With regard to the future, Pascual said, “I see as much probability of oil coming back to the market as oil going off. What if Iran and Iraq come back? If Brazilian pre-salt is successful? Saudi Arabia doesn’t look as if they are restraining their production. They are fighting for market share. The world shows a stable base of production and not much demand growth.”
As to US shale oil producers, Pascual said they would not be deterred by lower prices either. “American producers have become more and more efficient thanks to new technologies. Or some of them have. There are huge differences: the most efficient producers are 70% more efficient than the least efficient and 40% more than the average. In some cases the medium producers need $100 a barrel to break even, but in other areas they are fine with $60-70.” These differences in cost structure will lead to consolidation in the industry which will lead to costs going down overall, Pascual predicted. “Don’t expect the American oil industry to stop producing because of lower oil prices”, he concluded.
Lower oil prices may be more problematic for the international oil companies (IOCs). “One of the big consequences of [the market changes] over the last ten years is a big change in cost”, said Ian MacDonald, Vice-President Europe, Eurasia and Middle East of Chevron. “Projects nowadays cost a great deal of money. Chevron invests $40 billion a year. That’s what it takes to keep pace.”
Being increasingly shut out of the “easy”, conventional oil areas, IOCs have turned to more expensive, unconventional sources, such as deepwater, shale oil, tight oil and oilsands. The problem with many of these projects, said MacDonald, is that “unlike the large conventional projects, they have short production plateaus of 3,4, 5 years. Then they go into decline.” The IOCs are in a hard struggle against constant decline: “We produce a billion barrels a year. That means we need to find a billion barrrels a year just to stand still.”
Fatih Birol, Chief Economist of the International Energy Agency (IEA), who presented the results of the latest World Energy Outlook in Istanbul, suggested that there are reasons to believe that the lower oil prices cannot be sustained in the long term. He cited several reasons for this. The IEA expects oil demand to grow by 14 million barrels per day (some 5%) to 2030, mainly because of higher demand in the Asian transport sector.
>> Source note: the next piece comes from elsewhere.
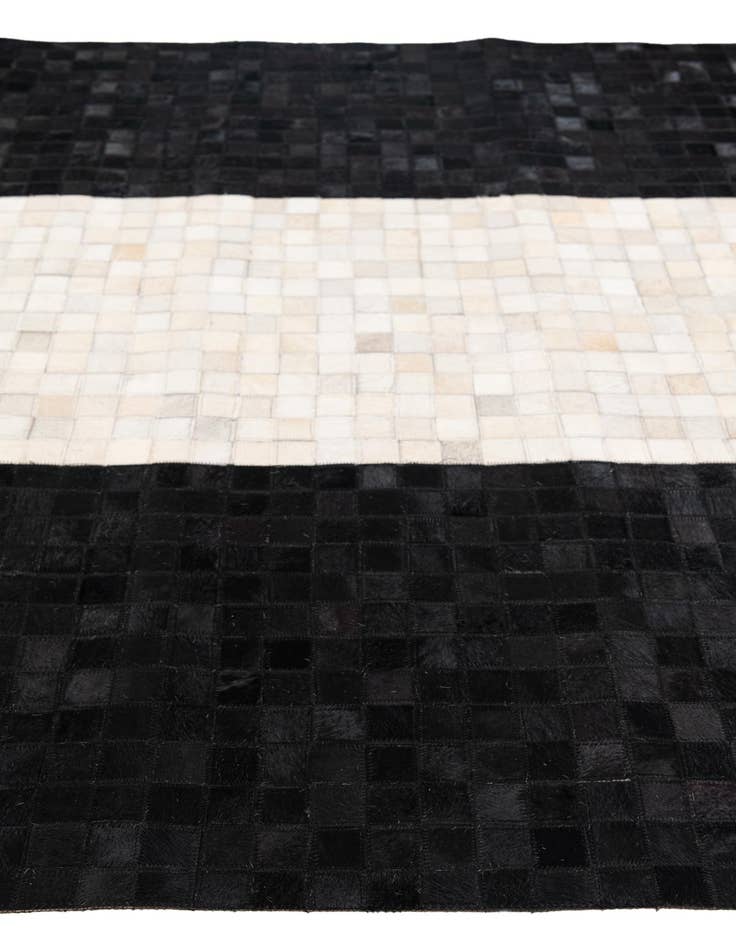 Detail image of  5' x 7' 11 Cowhide Stocks Rug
In addition, like MacDonald he noted that the oil industry has to struggle merely to keep up production. “Of every three barrels of new production, two are needed to make up the decline of existing oilfields.” Birol added that this new production would have to come from the Middle East, in particular from (currently highly unstable) Iraq. “Without production growth in the Middle East we will have no chance of meeting demand, even in 2020”, he said. For the US he sees a production decline setting in around 2020. All this would imply that oil prices will start climbing again at some point in the future.
Whether the IOCs will profit from this, is another question. “The Middle East will be a significant part of production growth over the next 20, 30 years”, said MacDonald, “but whether IOC’s can get a big part of that is a big question”, he acknowledged.
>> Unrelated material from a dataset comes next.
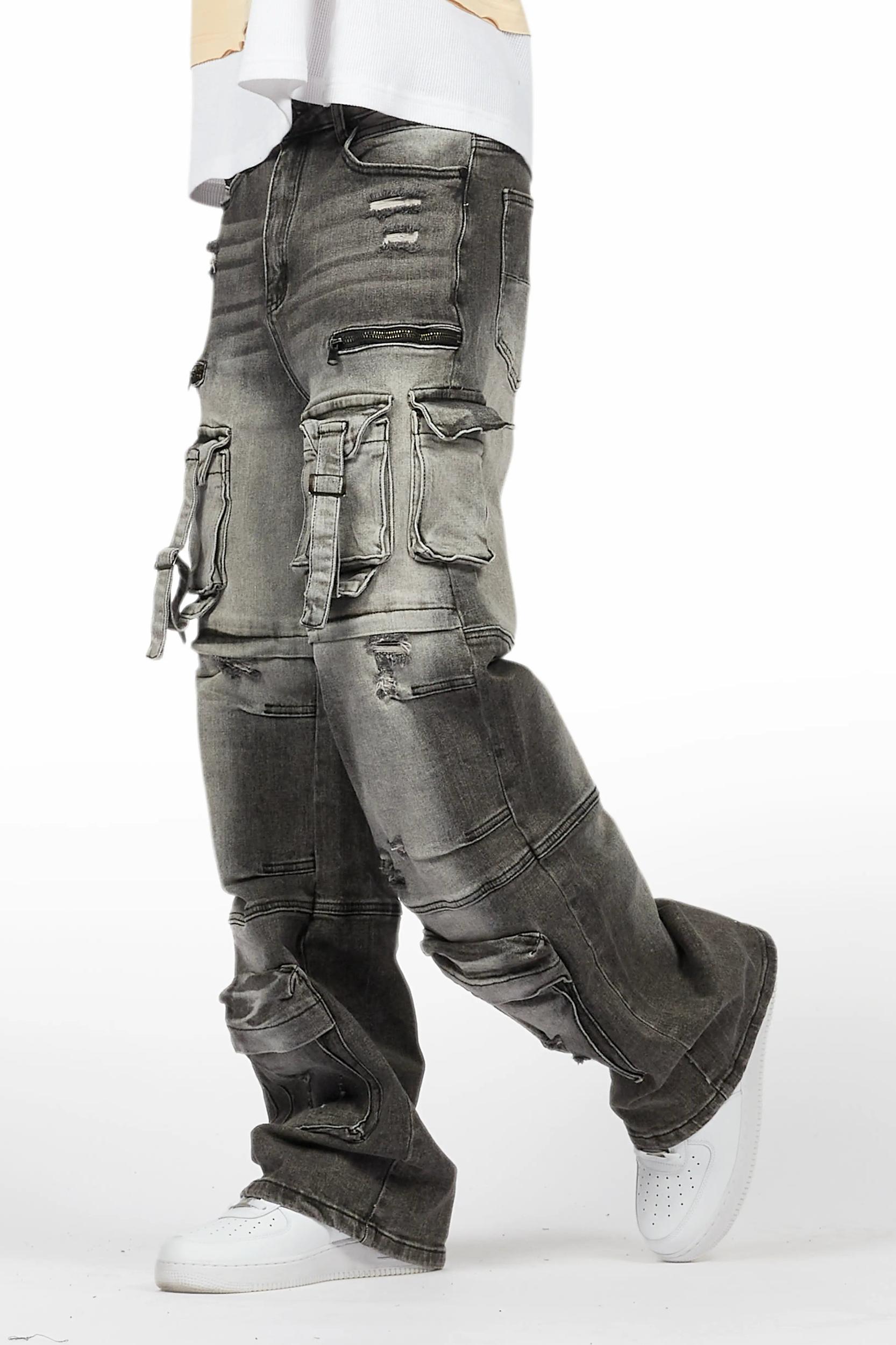 Berdi Black Wash Baggy Fit Jean Male Product Image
One of the few bright spots for the IOCs is Kurdistan. “Kurdistan is exciting because it offers a [rare] opportunity of participating in successful conventional onshore oil wells”, said MacDonald. “Kurdistan could become a major regional producer of oil. It now produces 300,000 barrels per day. That could go to 800,000 in 6-7 years.” The Kurdistan government offers commercial terms that “are good enough”, said MacDonald. ‘They accept that investors have to be incentivized.” MacDonald acknowledged that it was the independents that broke open Kurdistan for the oil majors – ExxonMobil, Total, Chevron – who are active there now.